• What needs to be done: In the records below, find the line that contains "Puvi and Vaishnavi's" and the line that contains "ビジューピアス/ブライダルアクセサリー 【結婚式 ピアス イヤリング】", then retype exactly those two lines and every line between them.

• Input data:
▼▼▼

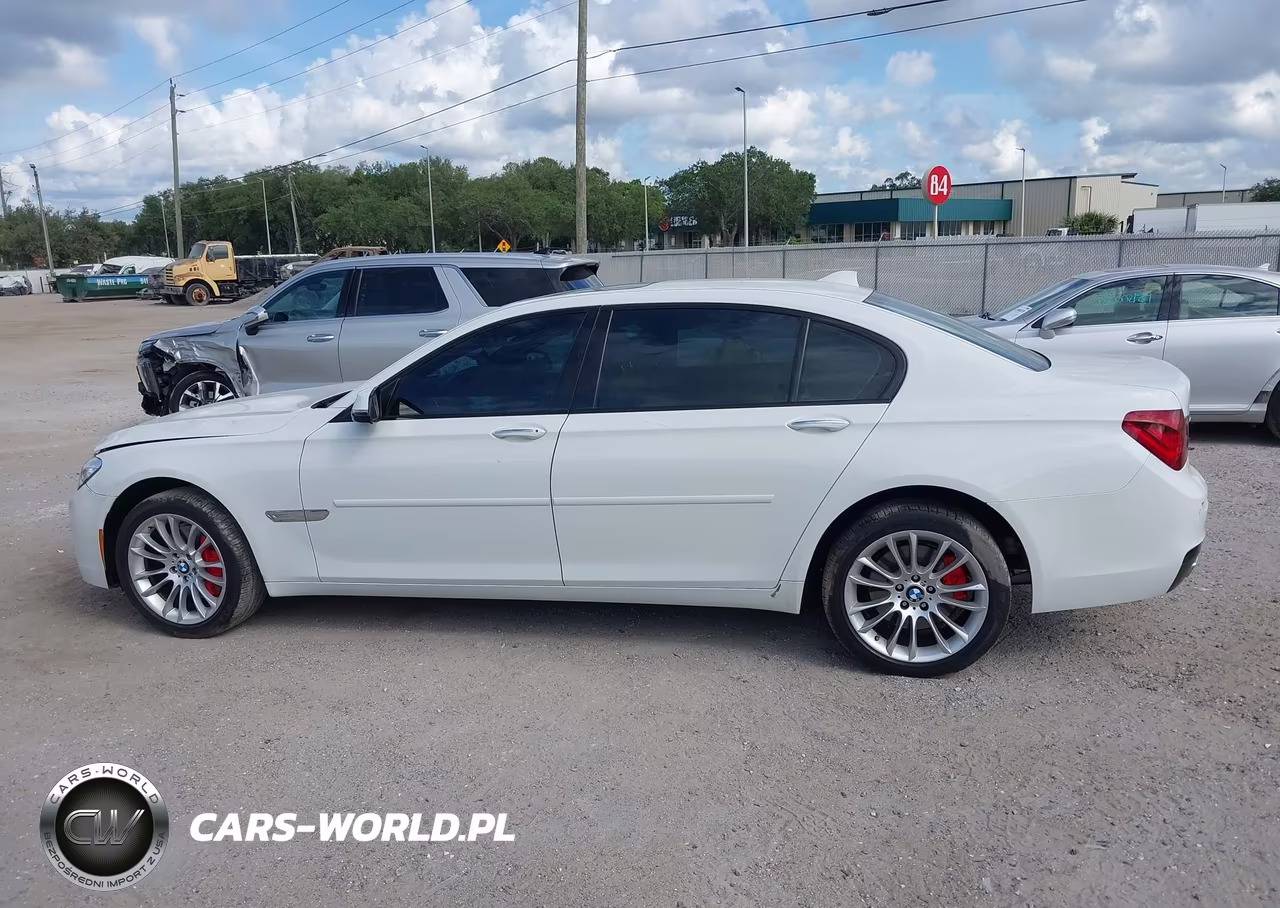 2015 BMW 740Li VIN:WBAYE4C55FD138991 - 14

▲▲▲
▼▼▼

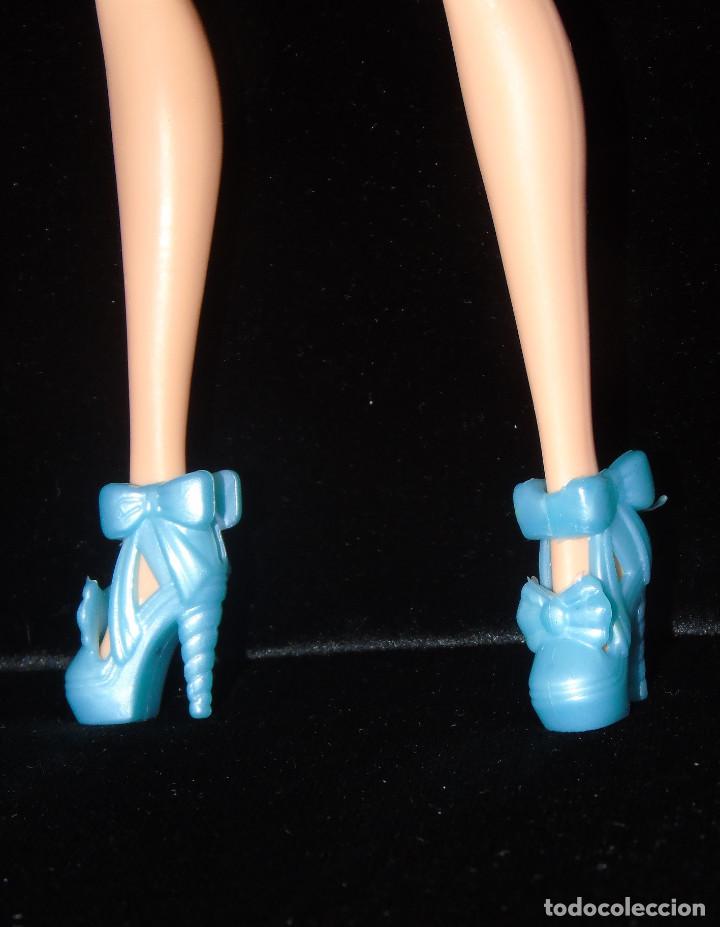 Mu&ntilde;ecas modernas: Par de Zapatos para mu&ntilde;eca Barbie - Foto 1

▲▲▲
▼▼▼

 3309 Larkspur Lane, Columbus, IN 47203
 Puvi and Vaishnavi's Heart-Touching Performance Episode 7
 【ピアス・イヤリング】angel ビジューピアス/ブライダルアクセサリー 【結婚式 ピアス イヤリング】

▲▲▲

• Answer:
 Puvi and Vaishnavi's Heart-Touching Performance Episode 7
 【ピアス・イヤリング】angel ビジューピアス/ブライダルアクセサリー 【結婚式 ピアス イヤリング】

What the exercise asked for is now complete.